JPMorgan, the largest US bank, stated that while the ProShares Bitcoin futures ETF traded $1 billion in its first days, it would be more beneficial for its investors to acquire bitcoin directly.

The bank explains that bitcoin futures ETFs have a significant disadvantage that might lead to a decline in profitability.

JPMorgan told to a business insider:

“Contango in the BTC futures curve can impose a drag on performance for these funds due to the futures carry cost/roll yield. This carry drag can be several times the products’ management fees, and could become even larger if these products gather substantial assets, due to their market impact.”

This is because the ETF does not hold bitcoins as an underlying asset, according to JPMorgan. Instead, the ETF owns bitcoin derivatives, which use futures contracts to try to replicate the profitability profile of the cryptocurrency. To actively manage a portfolio of Bitcoin futures contracts, which are strongly tied to cryptocurrency price changes, the ETF must roll over Bitcoin futures contracts to the next month right before they expire. This method incurs additional trading fees and is less efficient than simply purchasing and storing bitcoin.

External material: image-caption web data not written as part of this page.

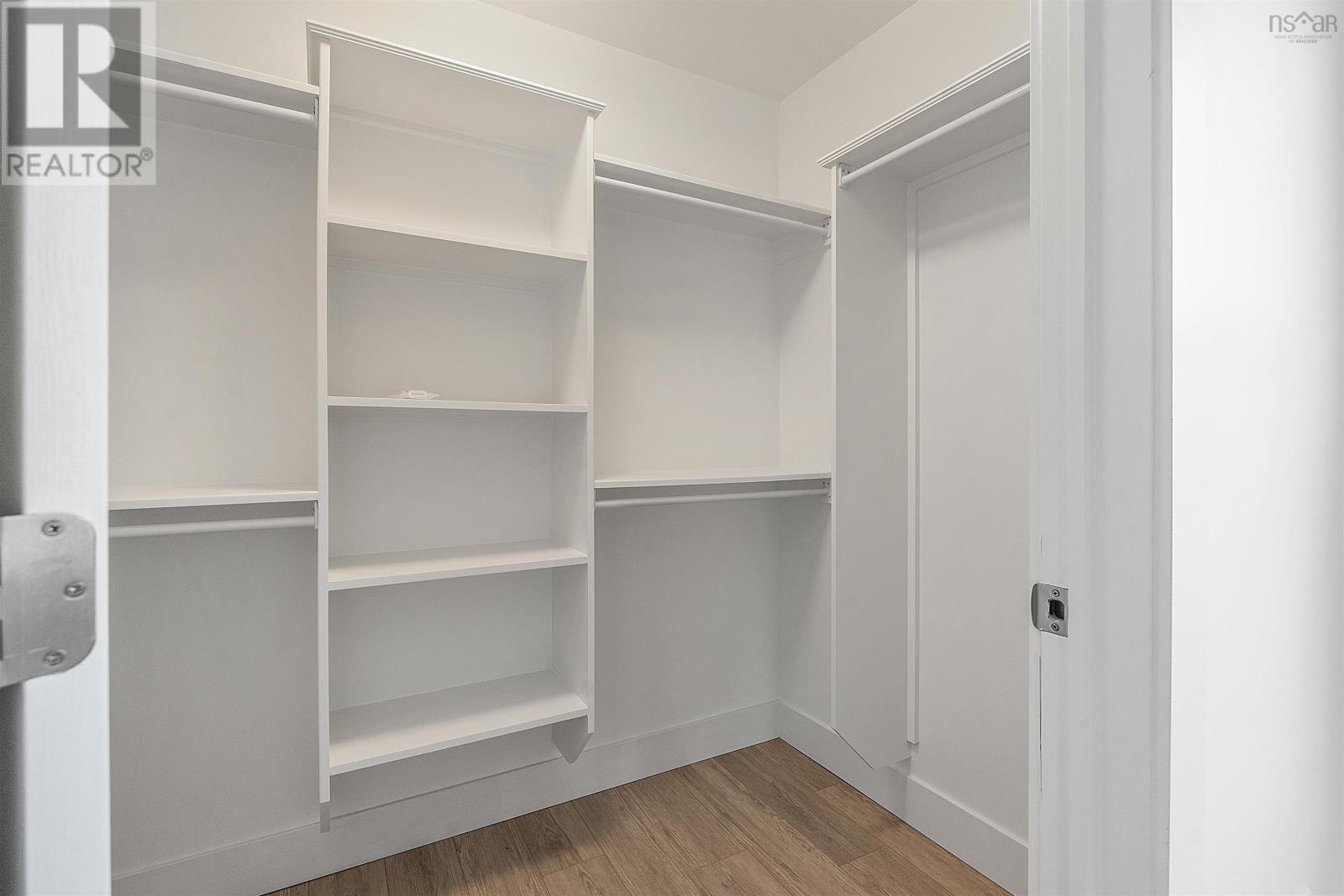 8 Elizabeth Avenue Property Photo 19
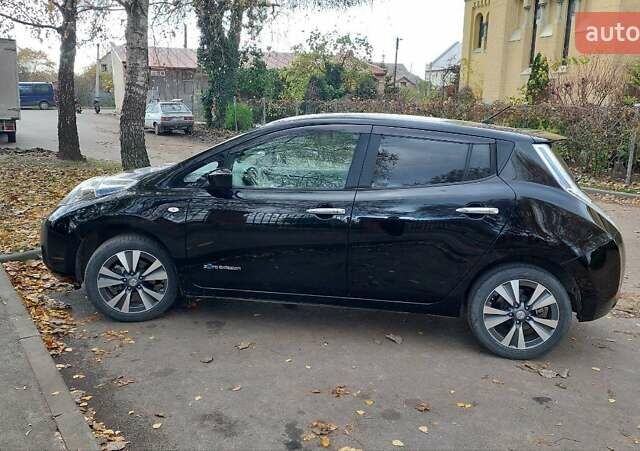 Черный Ниссан Лиф, объемом двигателя 0 л и пробегом 104 тыс. км за 7700 $, фото 8 на Automoto.ua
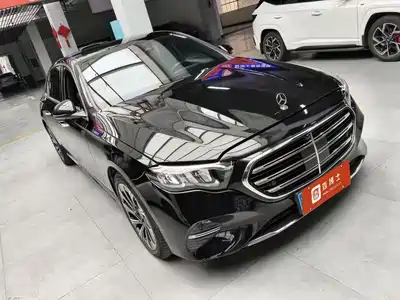 Mercedes-Benz E-Class 2024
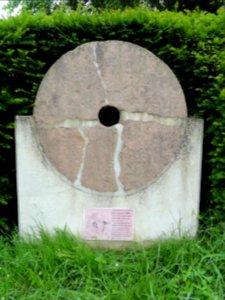 Bathelémont (M-et-M) meule, souvenir maison J.N.Stofflet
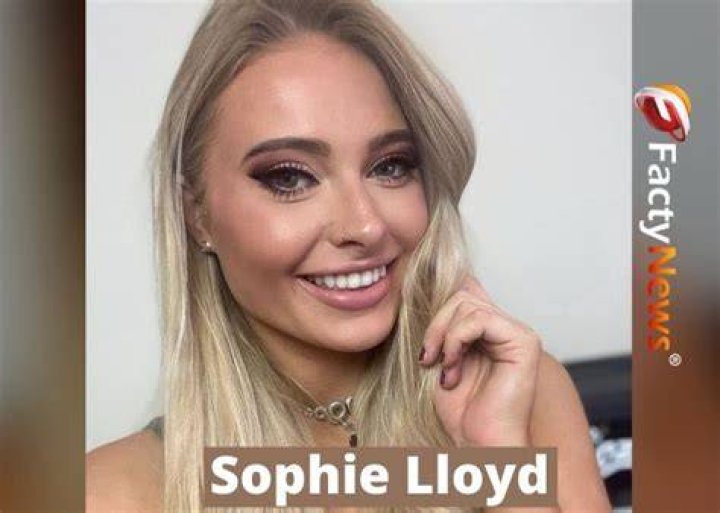 Sophie Lloyd - Age, Family, Bio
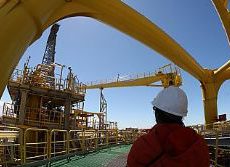 Regras para exploração de petróleo melhoraram, dizem especialistas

According to JPMorgan, the average annual rollover cost of futures contracts since mid-2019 has been over 9%, nearly ten times the annual expenditure ratio of the ProShares Bitcoin Strategy ETF of 0.95 percent. Over time, this metric may disappoint investors because it will lag significantly behind returns from direct bitcoin investors.

According to the bank, ETFs with time-stretched volatility are a good example of how long-term returns can be reduced if the costs of trading futures rise. Because the greater the number of long-term investors, the more expensive it gets to hold them due to the market impact of the ETFs themselves.

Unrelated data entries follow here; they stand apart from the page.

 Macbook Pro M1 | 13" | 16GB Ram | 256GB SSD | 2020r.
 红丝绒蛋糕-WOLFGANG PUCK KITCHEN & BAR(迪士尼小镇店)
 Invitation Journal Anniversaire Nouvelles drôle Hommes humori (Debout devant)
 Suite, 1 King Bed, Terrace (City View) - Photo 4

Not all investors are interested in investing in Bitcoin Futures ETF. Catherine Wood stated that the company will investigate Bitcoin futures ETFs until it sees a move with good two-way liquidity and less contango.

Simultaneously, Tom Lee, co-founder of Fundstrat Global Advisors, believes that demand for Bitcoin ETFs will remain high for a long time and that the fund will attract up to $50 billion.